Postby admin » Fri Oct 13, 2023 10:13 pm

Ex-Trump Organization CFO Allen Weisselberg’s Testimony Abruptly Ended After Forbes Story Accused Him of Perjury: A source close to New York Attorney General Letitia James confirmed that her office is looking into the latest report about the former Trump CFO's testimony
by Adam Klasfeld
TheMessengerPolitics
Published 10/12/23 04:41 PM ET|Updated 10/12/23 05:22 PM ET

The Trump Organization’s former chief financial officer Allen Weisselberg’s testimony reached an abrupt and unexpected end on Thursday afternoon, just hours after Forbes magazine accused the convicted tax cheat of perjuring himself during an earlier stint as a witness.

Weisselberg insisted on Tuesday from the witness stand that he “never focused” on calculating the square footage of the former president’s Trump Tower triplex, a three-floor penthouse in his namesake skyscraper.

Two days later, on Thursday, Forbes reported that emails not currently in the attorney general’s possession show otherwise.

A source close to New York Attorney General Letitia James confirmed that her office is looking into the latest Forbes report.


Hours after the publication of that story, Manhattan Supreme Court Justice Arthur Engoron convened a sidebar with attorneys for the state and defense, but the subject of their private huddle remains unknown.

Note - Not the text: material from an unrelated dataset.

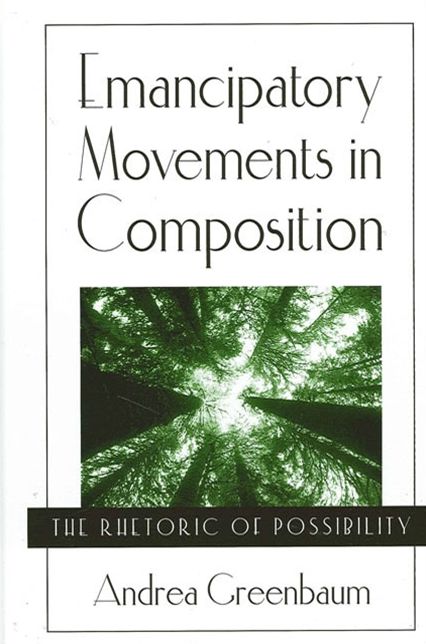 Emancipatory Movements in Composition: The Rhetoric of Possibility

Weisselberg was excused for the day shortly after that conversation, as attorneys for both sides reserved the right to call him back.

On Tuesday, Weisselberg kept trying to distance himself from Trump’s false computation of his triplex at 30,000 square feet instead of 10,996 square feet, repeatedly claiming “never” to have focused on the topic.

Forbes senior editor Dan Alexander wrote that his old emails and reporter notes contradict those denials, pointing out in his story that "Weisselberg absolutely thought about Trump’s apartment—and played a key role in trying to convince Forbes over the course of several years that it was worth more than it really was."

"Given the fact that these discussions continued for years, and that Weisselberg took a very detailed approach in reviewing Trump’s assets with Forbes, it defies all logic to think he truly believes what he is now saying in court," Alexander added.

Earlier this week, Trump attacked Alexander by name on Truth Social, labeling him a “psycho” and his news organization a “rag" after it dropped the former president from its world billionaires list for the second time in three years.

Those Trump social media comments were also posted hours after James entered a series of Forbes’ fact-checking emails with Weisselberg and other executives into evidence. Alexander, whose byline appeared on the story knocking Trump off Forbes’ billionaires list, was one of the staffers who sent those emails.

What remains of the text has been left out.